South China Morning Post reports on the massive mausoleum of a legendary figure from Chinese history – the general Cao Cao, a character in the Romance of Three Kingdoms, whose 1,800-year-old burial complex has just been unearthed by the Henan Provincial Institute of Cultural Heritage and Archaeology:

The archaeologists said they had discovered the ruins of a massive mausoleum park that included two constructions as well as a tunnel.

Historical texts say that Cao made a will that ordered that his burial site should not be marked, but Zhou Ligang, a researcher at the institute who is in charge of the archaeological programme, said that the latest findings showed that Cao Pi, the son who succeeded him, did not follow his father’s will but built a great cemetery to honour his father and emphasise his filial piety.

But experts believe that the son later ordered the destruction of the monuments on the surface for fear that his father’s tomb would be targeted by opponents or robbers.

“If the construction was knocked down by his opponents, there would be plenty of debris at the scene, but at Cao Cao’s mausoleum that is not in that case.”

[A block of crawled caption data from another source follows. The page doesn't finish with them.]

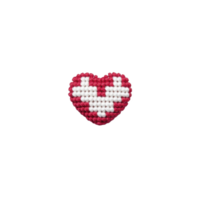 Red and white beaded heart with pixelated design, featuring symmetrical pattern. heart is crafted with small beads, creating textured and vibrant appearance, perfect for decorative use png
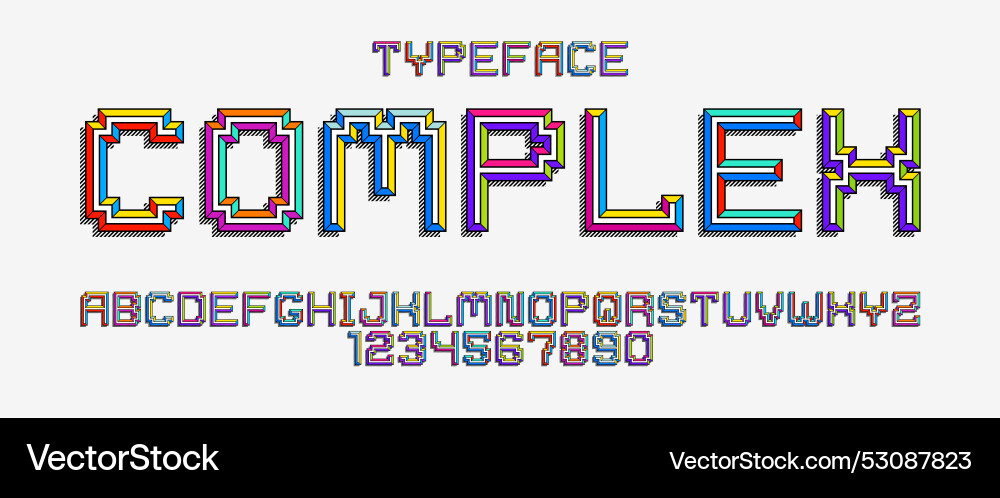 Child constructor colorful minimal square font Child constructor colorful minimal square font Vector Image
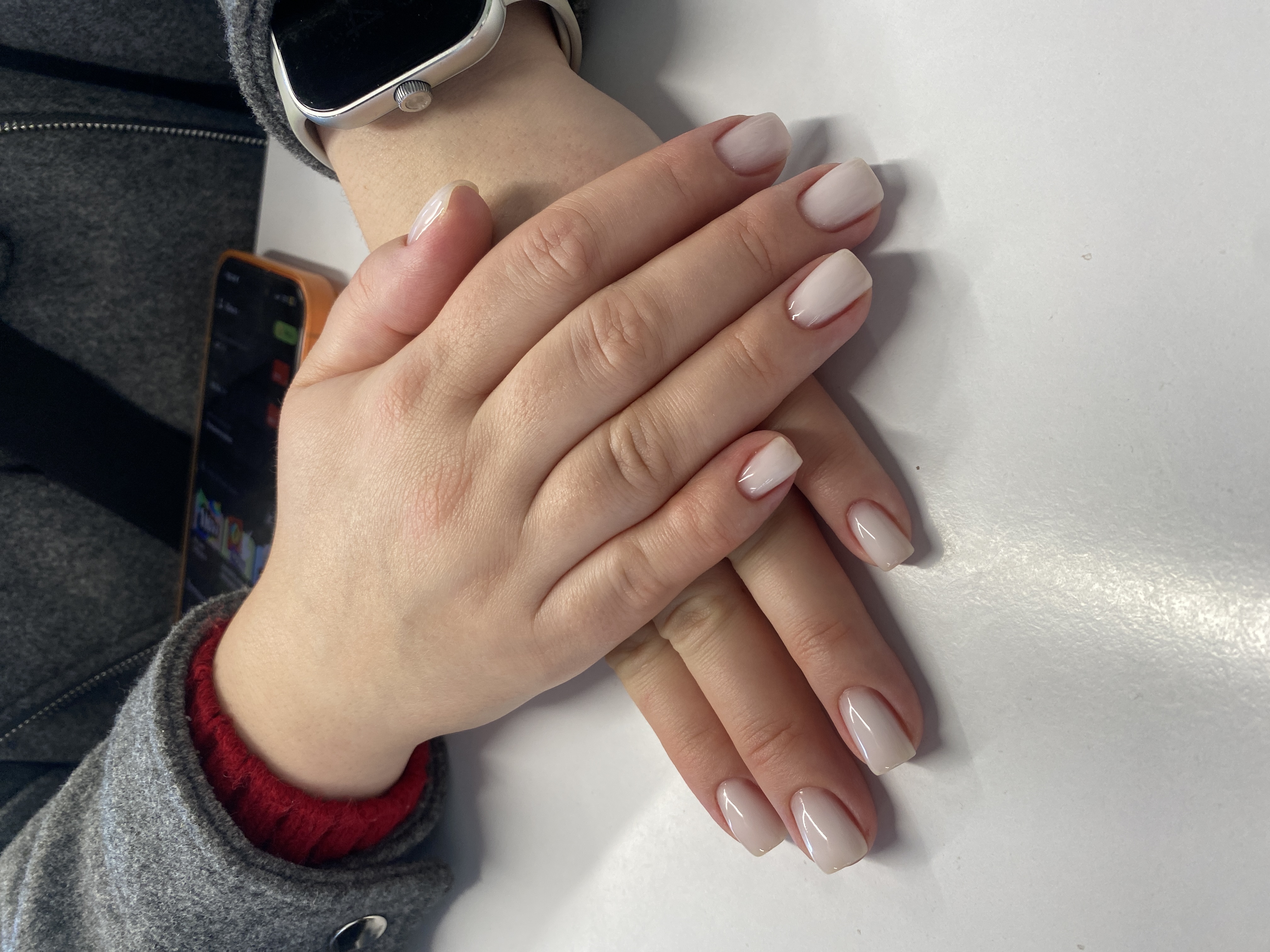 однотон, на каждый день, Маникюр, белый, нюд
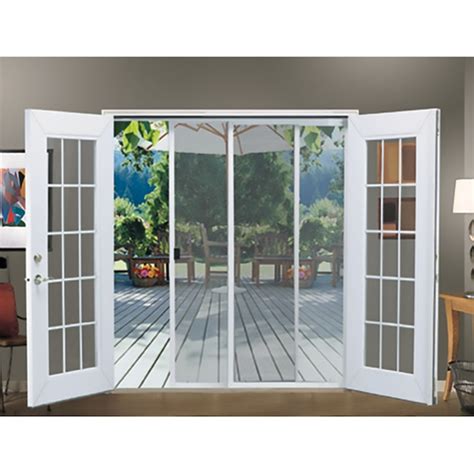 Jeld Wen 72 In X 80 In White Aluminum Sliding French Door Screen Door In The Screen Doors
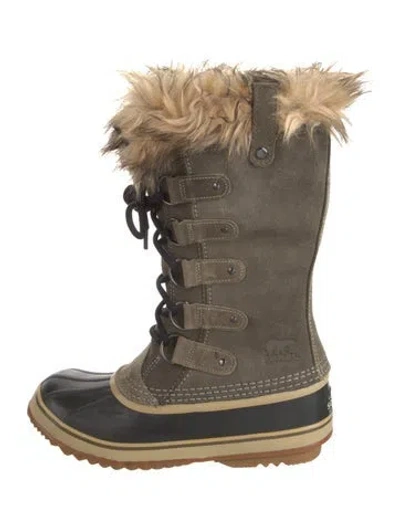 Pre-owned Sorel Suede Faux Fur Trim Lace-up Boots W/ Tags In Green
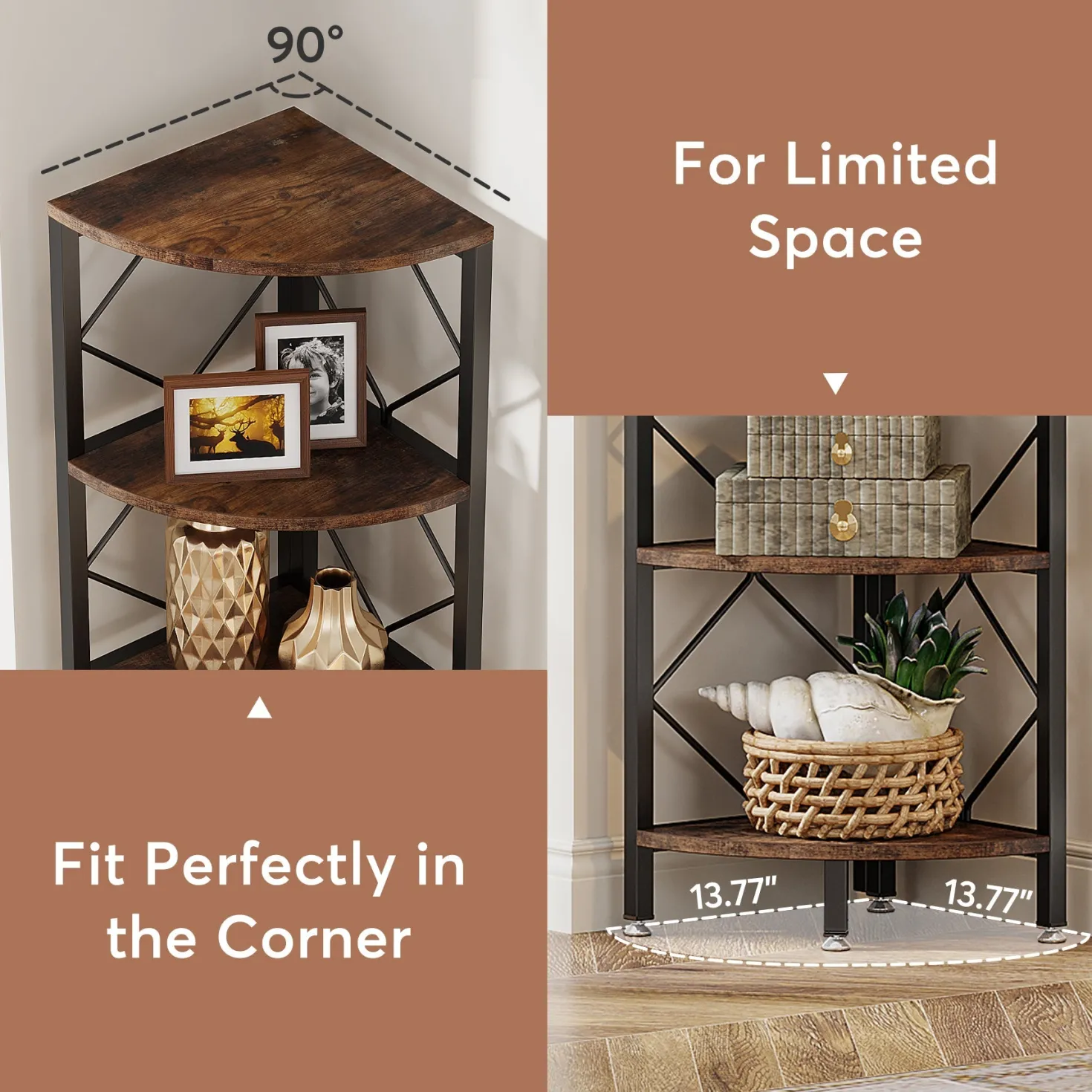 7-Tier Corner Shelf, 78.7" Corner Bookcase Slim Corner Storage Rack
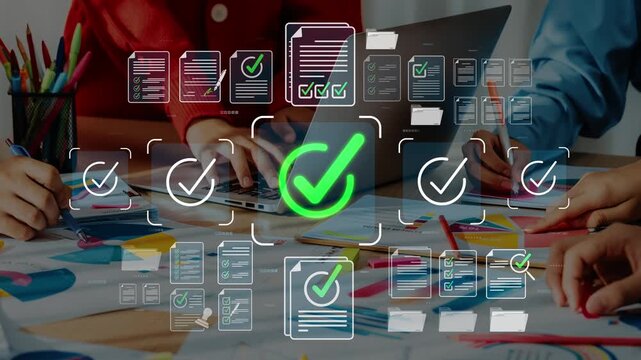 Collaborative Office Workspace with Documents and Check Marks Symbolizing Approval and Teamwork in a Creative Environment Sigmoid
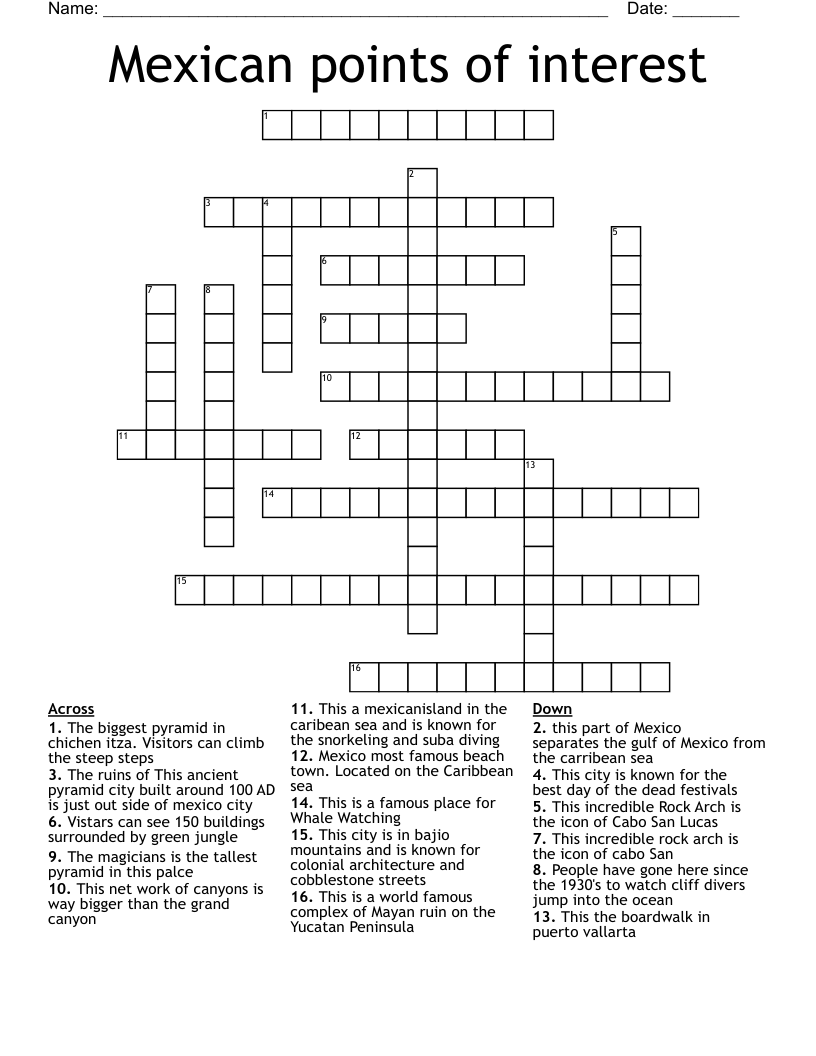 Mexican points of interest Crossword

To honour his father, Cao Pi must have ordered that all the debris be cleared, Zhou said.

But the first clues emerged in 2009, when archaeologists seized a stone tablet allegedly found in a tomb in Gaoxixue village in Anyang county, which bore the inscription “King Wu of Wei”, Cao Cao’s posthumous title.

The local authorities announced that this had identified the tomb as Cao Cao’s burial site, although experts remained sceptical at first.